Geologic formation in New Mexico, USA

The Cerro Conejo Formation is a middle to late Miocene geologic formation exposed near Albuquerque, New Mexico.

Gravel beds within the formation in the Rio Puerco valley west of Albuquerque have provided clues to the paleogeography of the Grants area since the early Miocene.

==Description==
The Cerro Conejo Formation is composed of very light brown to pink or yellowish-red, fine- to medium-grained, well-sorted, medium- to thick-bedded sandstone. The beds are tabular and locally cross-stratified and include occasional thinly bedded mudstone. Sandstone grains are subrounded and frosted. The formation also contains numerous white to light greenish gray volcanic ash beds. The total thickness is 316 meters. The formation overlies the Zia Formation and interfingers with the overlying Arroyo Ojito Formation.

One of the ash beds within the formation yielded a K-Ar age of 13.64 +/-0.09 million years (Ma. The overall age range is constrained to between 14.8 and 9.5 Ma.

Gravel beds within the formation in the Rio Puerco valley west of Albuquerque have provided clues to the paleogeography of the Grants area since the early Miocene. These beds have been assigned to the informal Benavidez Member.

==Fossils==
The formation has yielded vertebrate fossils at the Rincon and Zia quarries that are characteristic of the middle to late Miocene (Barstovian to Clarendonian).

==History of investigation==
The unit was first defined by Connell and his collaborators in 1999 as the Cerro Conejo Member of the Zia Formation. It was named for exposures along Arroyo Ojito near Cerro Conejo, a small hill northwest of Albuquerque.
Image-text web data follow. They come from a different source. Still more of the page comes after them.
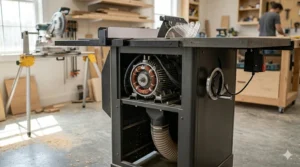 Illustration showing the external motor of a contractor saw versus the enclosed motor of a hybrid table saw.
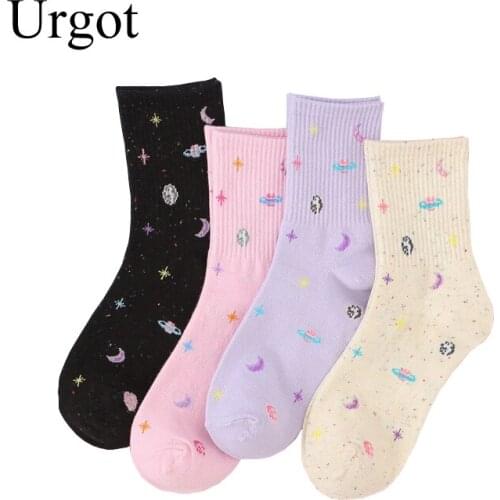 Urgot 1 Pair Women Socks New Cotton Fashion Sports Crew Planet Trend Socks Cartoon Starry sky Print Personality Comfortable Sock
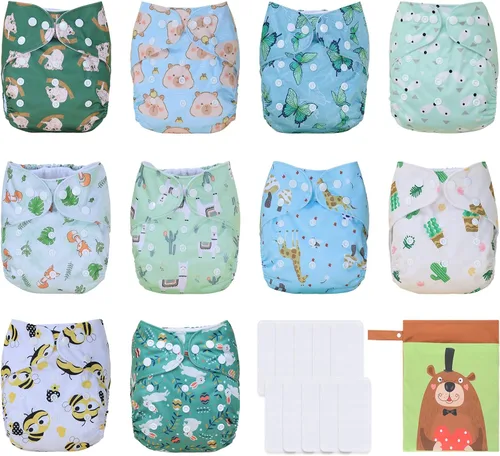 Miniatura 20 de TDIAPERS Pañales de tela reutilizables, lavables, de bolsillo, talla única, ajustable para pañales de tela a presión, paquete de 6 con 6 insertos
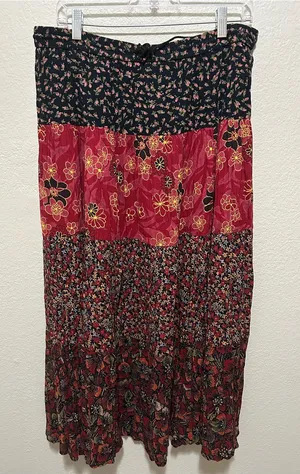 Vintage 90s Y2K Sag Harbor Patchwork Floral Maxi Skirt Boho Indie Large thumbnail 1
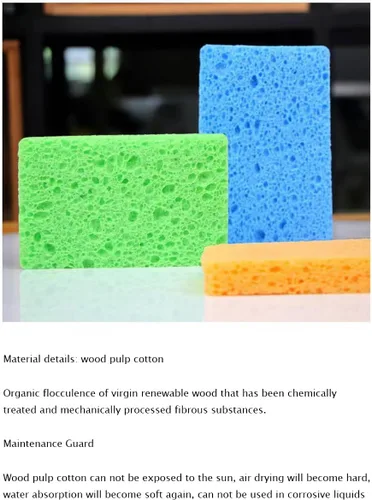 Vista 4 de Esponjas de celulosa, esponja de cocina resistente, esponjas de celulosa comprimida para cocina, limpia los desastres difíciles sin rayar esponjas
Arroyo Ojito was also designated as the type locality (no type section defined). Tedford and Barghoon recommended that the Cerro Conejo Member be reassigned to the Arroyo Ojito Formation, since there was a significant unconformity (corresponding to a pause in sediment deposition of 1 to 1.6 Ma) separating the Cerro Conejo from the rest of the Zia Formation.

In 2007, Williams and Cole recommended that the Arroyo Ojito Formation be abandoned, because the name was being used inconsistently and because the formation straddled a significant region unconformity, since named the Rincones paleosurface. They promoted the Ceja Member, which lay above the Rincones paleosurface, to formation rank, and moved the remaining members of the Arroyo Ojito into an informal "Middle Red" formation, recalling the earliest subdivisions of the Santa Fe Group. Connell responded the next year by concurring with the promotion of the Ceja Formation (which he divided into Santa Ana Mesa and Atrisco Members), promoting the Cerro Conejo to formation rank, and retaining the middle beds as the Arroyo Ojito.